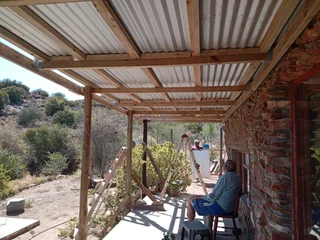 Cottage near Ladismith Klein Karoo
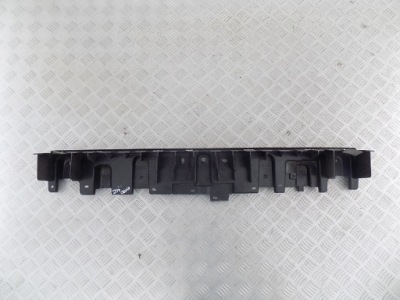 Citroen ds3 напрямна середній бампера задня фото №1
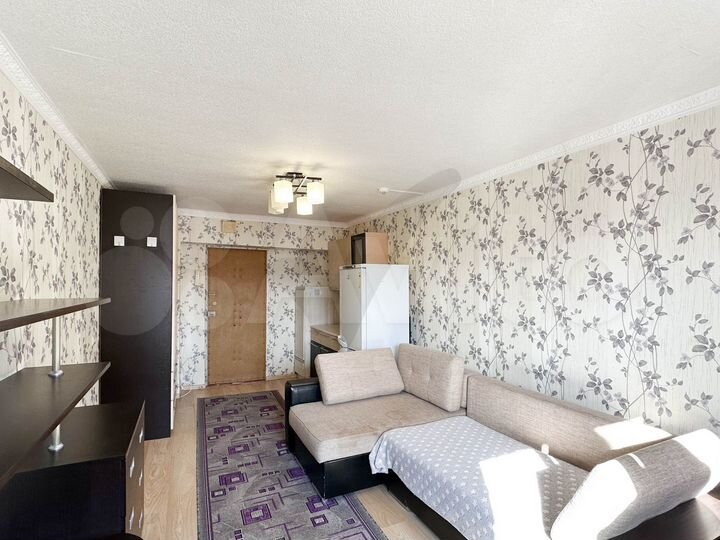 Комната 17 м² в 1-к., 5/5 эт.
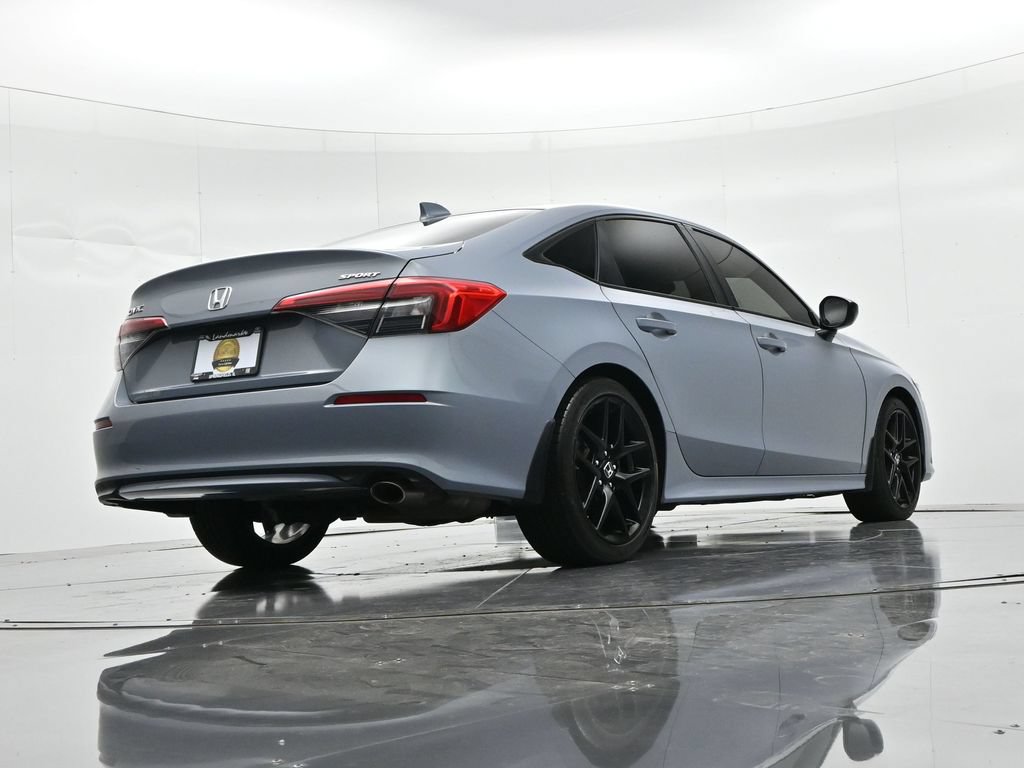 Used 2024 Honda Civic Sport image 22
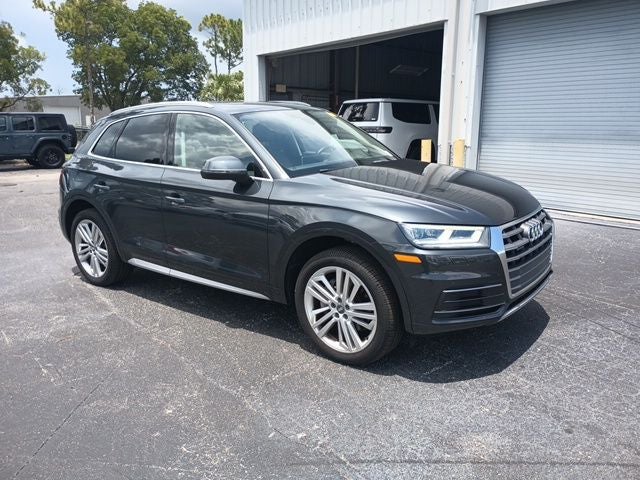 2018 Audi Q5 2.0T Premium quattro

WHAT THE TASK REQUIRES: Give back exactly the lines from the line with "Citroen ds3 напрямна" through the end of the material above, and omit every picture.

WRITTEN ANSWER:
 Citroen ds3 напрямна середній бампера задня фото №1
 Комната 17 м² в 1-к., 5/5 эт.
 Used 2024 Honda Civic Sport image 22
 2018 Audi Q5 2.0T Premium quattro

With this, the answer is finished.